Start of Block

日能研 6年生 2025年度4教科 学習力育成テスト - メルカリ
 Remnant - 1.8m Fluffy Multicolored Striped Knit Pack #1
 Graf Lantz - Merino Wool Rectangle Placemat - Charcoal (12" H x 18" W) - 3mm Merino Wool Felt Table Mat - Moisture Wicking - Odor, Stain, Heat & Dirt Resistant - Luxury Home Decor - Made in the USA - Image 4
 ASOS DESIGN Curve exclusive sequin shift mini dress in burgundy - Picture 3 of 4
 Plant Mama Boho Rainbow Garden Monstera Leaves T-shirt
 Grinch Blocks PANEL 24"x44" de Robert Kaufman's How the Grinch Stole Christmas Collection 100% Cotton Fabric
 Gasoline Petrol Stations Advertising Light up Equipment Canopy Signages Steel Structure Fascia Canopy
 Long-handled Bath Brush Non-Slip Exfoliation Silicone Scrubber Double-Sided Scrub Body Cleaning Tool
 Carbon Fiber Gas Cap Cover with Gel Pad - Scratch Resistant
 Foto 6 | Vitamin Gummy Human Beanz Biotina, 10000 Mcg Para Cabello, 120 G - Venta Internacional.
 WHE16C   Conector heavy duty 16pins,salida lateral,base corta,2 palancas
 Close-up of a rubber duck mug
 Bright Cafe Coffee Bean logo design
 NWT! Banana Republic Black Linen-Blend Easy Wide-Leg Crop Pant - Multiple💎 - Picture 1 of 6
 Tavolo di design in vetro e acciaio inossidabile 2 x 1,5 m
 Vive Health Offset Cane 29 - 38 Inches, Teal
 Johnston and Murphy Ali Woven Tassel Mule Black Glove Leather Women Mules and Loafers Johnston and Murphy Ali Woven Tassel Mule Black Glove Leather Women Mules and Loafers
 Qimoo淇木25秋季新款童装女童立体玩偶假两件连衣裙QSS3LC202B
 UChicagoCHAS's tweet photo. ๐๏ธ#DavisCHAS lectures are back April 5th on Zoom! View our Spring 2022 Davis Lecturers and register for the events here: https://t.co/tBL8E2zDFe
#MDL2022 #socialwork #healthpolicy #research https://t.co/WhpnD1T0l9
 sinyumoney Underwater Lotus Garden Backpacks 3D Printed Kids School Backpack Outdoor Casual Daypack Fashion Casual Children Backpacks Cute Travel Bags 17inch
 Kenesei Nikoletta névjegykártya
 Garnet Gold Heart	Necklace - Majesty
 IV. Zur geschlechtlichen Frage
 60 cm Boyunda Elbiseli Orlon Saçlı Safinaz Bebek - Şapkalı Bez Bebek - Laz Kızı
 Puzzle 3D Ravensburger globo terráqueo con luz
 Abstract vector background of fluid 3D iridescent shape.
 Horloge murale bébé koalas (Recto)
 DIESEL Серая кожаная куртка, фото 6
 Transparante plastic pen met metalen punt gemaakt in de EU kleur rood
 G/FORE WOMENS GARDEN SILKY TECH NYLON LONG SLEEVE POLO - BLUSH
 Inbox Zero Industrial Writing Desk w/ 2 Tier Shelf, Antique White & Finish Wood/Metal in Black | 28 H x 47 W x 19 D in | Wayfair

End of Block

Task prompt >>
From the entries above, write out only the lines starting at the line that holds "Gasoline Petrol Stations" and ending at the line that holds "IV. Zur geschlechtlichen Frage", keeping both and matching them exactly.

Answer >>
 Gasoline Petrol Stations Advertising Light up Equipment Canopy Signages Steel Structure Fascia Canopy
 Long-handled Bath Brush Non-Slip Exfoliation Silicone Scrubber Double-Sided Scrub Body Cleaning Tool
 Carbon Fiber Gas Cap Cover with Gel Pad - Scratch Resistant
 Foto 6 | Vitamin Gummy Human Beanz Biotina, 10000 Mcg Para Cabello, 120 G - Venta Internacional.
 WHE16C   Conector heavy duty 16pins,salida lateral,base corta,2 palancas
 Close-up of a rubber duck mug
 Bright Cafe Coffee Bean logo design
 NWT! Banana Republic Black Linen-Blend Easy Wide-Leg Crop Pant - Multiple💎 - Picture 1 of 6
 Tavolo di design in vetro e acciaio inossidabile 2 x 1,5 m
 Vive Health Offset Cane 29 - 38 Inches, Teal
 Johnston and Murphy Ali Woven Tassel Mule Black Glove Leather Women Mules and Loafers Johnston and Murphy Ali Woven Tassel Mule Black Glove Leather Women Mules and Loafers
 Qimoo淇木25秋季新款童装女童立体玩偶假两件连衣裙QSS3LC202B
 UChicagoCHAS's tweet photo. ๐๏ธ#DavisCHAS lectures are back April 5th on Zoom! View our Spring 2022 Davis Lecturers and register for the events here: https://t.co/tBL8E2zDFe
#MDL2022 #socialwork #healthpolicy #research https://t.co/WhpnD1T0l9
 sinyumoney Underwater Lotus Garden Backpacks 3D Printed Kids School Backpack Outdoor Casual Daypack Fashion Casual Children Backpacks Cute Travel Bags 17inch
 Kenesei Nikoletta névjegykártya
 Garnet Gold Heart	Necklace - Majesty
 IV. Zur geschlechtlichen Frage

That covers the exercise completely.